Maffei aveva già manifestato la sua preferenza per la vocale “O”; ribadisce che è estremamente funzionale poiché, grazie ad essa, la voce si arrotonda, ma indugia anche su altre vocali, associando ad ognuna una particolare immagine (a suo avviso, la “U” ricorda l’ululato di un lupo, la “I”, invece, il lamento di un cucciolo spaventato che si è allontanato dalla madre). Secondo Aristotele, è l’immaginazione che rende voce un suono: è grazie ad essa che l’interiorità si rimodella per proiettarsi all’esterno sottoforma di voce. Innanzi tutto abbiamo una rappresentazione interna, sulla quale si plasma l’emissione, che ne veicola altre al di fuori del soggetto. Ergo, la voce nasce dall’immagine, ma è anche generatrice di immagini. Gli effetti acustici sono rielaborati nelle menti degli ascoltatori e in esse riecheggiano in qualità di simboli sonori di immagini esterne all’individuo. Maffei si rende conto che è impossibile separare Eco da Narciso, il cantante non può evitare di trasmettere immagini: oltre all’atteggiamento corporeo, anche quello vocale è rilevante, e proporre determinate sonorità in particolari punti di un brano può addirittura turbare, oltre a renderlo antiestetico. Notiamo che l’elemento estetico, in Maffei, è sempre fortemente connesso all’ambito metafisico e morale: l’arte agita le anime e l’artista deve essere conscio di ciò, senza abusarne. In conclusione, il cantore maffeiano deve essere responsabile e sensibile, moderato e garbato, come un cortigiano.

«Io penso finqui avere adempito quanto V. S. m’ha comandato; ora, perché non tutti i musici dopo d’avere a questi miei ordini ubbidito sapranno da per loro formare i passaggi, voglio qui sotto, per loro sodisfatione e mia, metterne alcuni, i quali nel cantare con qualche grazia riescano dove terrò quest’ordine: prima ponerò le cadenze e dopo i passaggi (io dico i più belli), perché se volesse mettere tutti quelli con i quali si può la cadenza variare, empirei il foglio più tosto di passaggi da sonar che da cantare, aggiongendovi Vago augelletto passaggiato nell’aria sua.»

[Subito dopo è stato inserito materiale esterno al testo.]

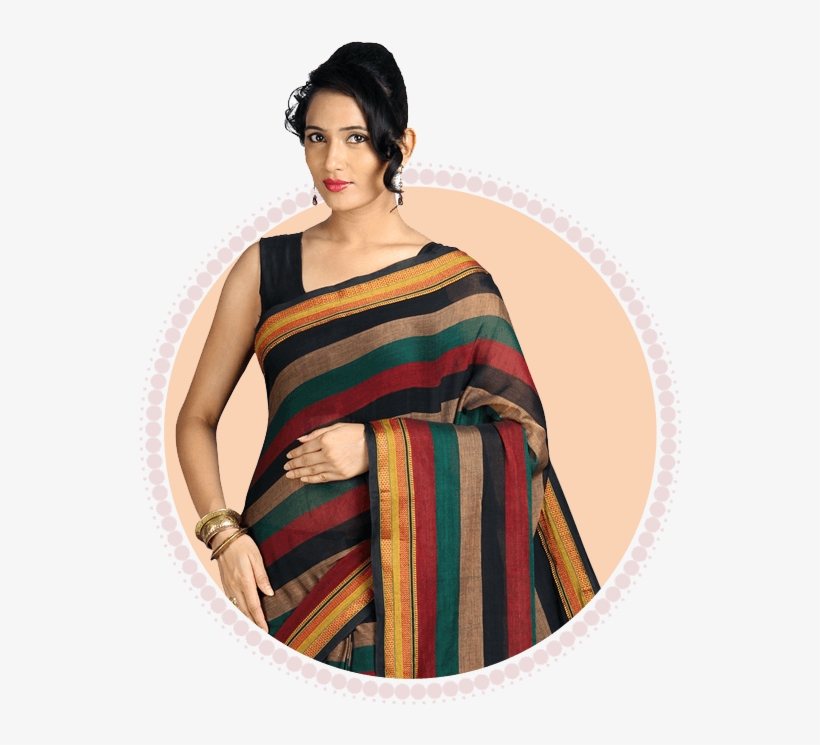 Designer Sarees Sale From Pavechas - Mangalagiri Cotton Sarees With Price, transparent png download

Prima di riportare lo spartito di Vago augelletto, Maffei propone una serie di cadenze e passaggi come esempi per coloro che, nonostante le indicazioni fornite dall’autore, non riescano a ideare autonomamente dei virtuosismi. Vago augelletto è un antico madrigale (Maffei non specifica da chi sia stata musicata la versione da lui proposta), basato sul testo di un sonetto tratto dal Canzoniere di Petrarca, indicato da Maffei come ulteriore modello per l’invenzione e l’esecuzione di cadenze e passaggi: questi ultimi vanno eseguiti esclusivamente sulle cadenze e, in un madrigale, non ve ne devono essere più di quattro o cinque, in modo tale da non intaccare la linea melodica e l’armonia. In seguito, l’autore scrive poche righe per promuovere il proprio metodo didattico: la natura fornisce all’aspirante cantore lo strumento, cioè l’apparato fonatorio, ed egli, attraverso l’arte, lo educa al canto; per avvalorare le proprie tesi, Maffei afferma che sono condivise anche da Giovanni Domenico da Nola (poeta e compositore rinascimentale), Stefano Lando (compositore e liutista), Rocco Rodio (compositore e teorico musicale della scuola napoletana) e Tommaso Cimello (che, insieme allo stesso Giovanni Domenico da Nola, fu uno dei primi musicisti a scrivere villanelle napoletane). Secondo l’illustre solofrano il vero canto, cioè quello cavalleresco, è quello “di gorga”, che può essere perseguito rifuggendo la pigrizia e seguendo fedelmente il decalogo da lui formalizzato. Tuttavia, ciò non è sufficiente: riusciamo a cantare agevolmente solo se siamo sani, ecco perché è il medico che alberga nel Maffei a conclude la Lettera sul canto con una serie di suggerimenti per preservare e guarire la nostra voce.